=== What the task asks ===
With pictures left out, output exactly the lines of the listing below from the line that has "kitchen with sink, stainless" to the line that has "Residence with panoramic", both lines kept.

=== Material shown ===
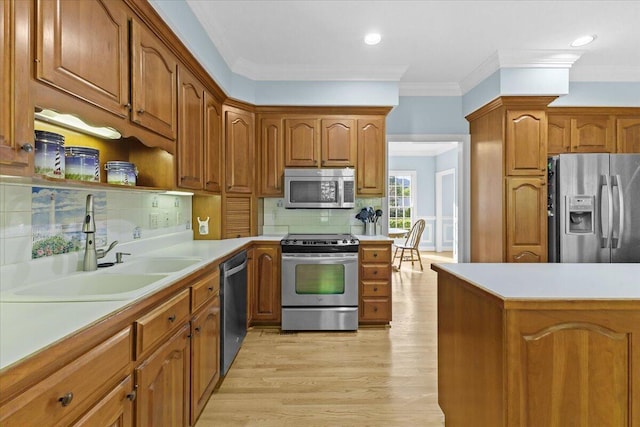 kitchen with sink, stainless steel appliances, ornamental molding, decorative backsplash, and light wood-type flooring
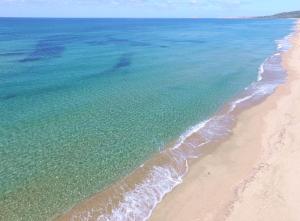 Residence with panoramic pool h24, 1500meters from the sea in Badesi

--

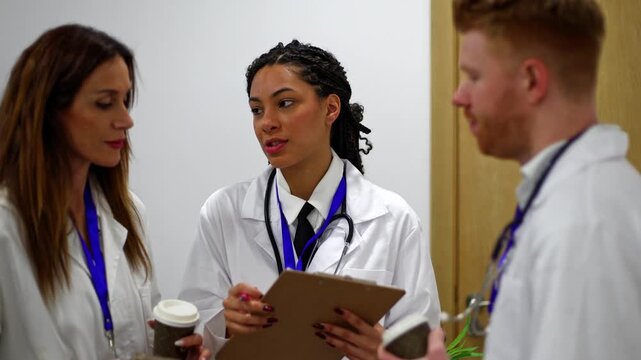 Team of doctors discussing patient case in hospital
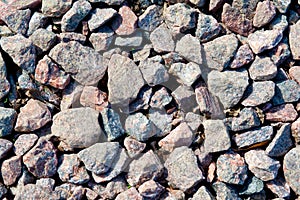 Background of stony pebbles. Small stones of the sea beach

=== Your solution ===
 kitchen with sink, stainless steel appliances, ornamental molding, decorative backsplash, and light wood-type flooring
 Residence with panoramic pool h24, 1500meters from the sea in Badesi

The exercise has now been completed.